No long-range magnetic order observed at 2.1 K

Large reversible magnetocaloric effect near cryogenic temperatures

Magnetic frustration reduces MCE performance compared to other Gd-based materials

Abstract

The magnetic and magnetocaloric (MCE) properties were studied in a stuffed honeycomb antiferromagnet GdInO3 polycrystalline. No long-range magnetic ordering was observed with only a sharp upturn in the temperature dependent magnetization curves at TN ~ 2.1 K. The large value of frustration index value ~ 5.0 suggests short-range antiferromagnetic interactions existing between the Gd3+ moments in this frustrated magnetic system. Negligible thermal and magnetic hysteresis suggest a second-order feature of phase transition and a reversible magnetocaloric effect (MCE) in GdInO3 compound.

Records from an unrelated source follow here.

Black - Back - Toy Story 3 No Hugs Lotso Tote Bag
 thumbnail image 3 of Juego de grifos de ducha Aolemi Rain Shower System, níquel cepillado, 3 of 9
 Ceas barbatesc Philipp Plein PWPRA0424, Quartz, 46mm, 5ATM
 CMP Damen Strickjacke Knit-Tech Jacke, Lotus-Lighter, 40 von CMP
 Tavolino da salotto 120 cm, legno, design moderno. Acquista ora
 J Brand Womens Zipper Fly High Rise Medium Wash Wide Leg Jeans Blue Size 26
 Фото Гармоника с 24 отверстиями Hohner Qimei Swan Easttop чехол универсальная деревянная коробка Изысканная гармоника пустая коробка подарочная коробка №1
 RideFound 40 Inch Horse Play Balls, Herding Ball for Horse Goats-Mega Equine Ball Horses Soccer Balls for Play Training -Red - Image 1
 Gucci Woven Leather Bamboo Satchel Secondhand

In the magnetic field changes of 0-50 kOe and 0-70 kOe, the maximum magnetic entropy change values are 9.31 J/kg K and 17.53 J/kg K near the liquid helium temperature, with the corresponding RCP values of 106.61 and 196.38 J/kg, respectively. The relative lower MCE performance of GdInO3 polycrystalline than the other Gd-based magnetocaloric effect is understood by the high magnetic frustration in this system. Our investigation results reveal GdInO3 polycrystalline has a large reversible MCE, which not only provides another possibility of exploiting magnetocaloric refrigerants in the frustrated magnetic systems near the cryogenic temperature region, but also serves to excavate more exotic properties in the frustrated stuffed honeycomb magnetic systems.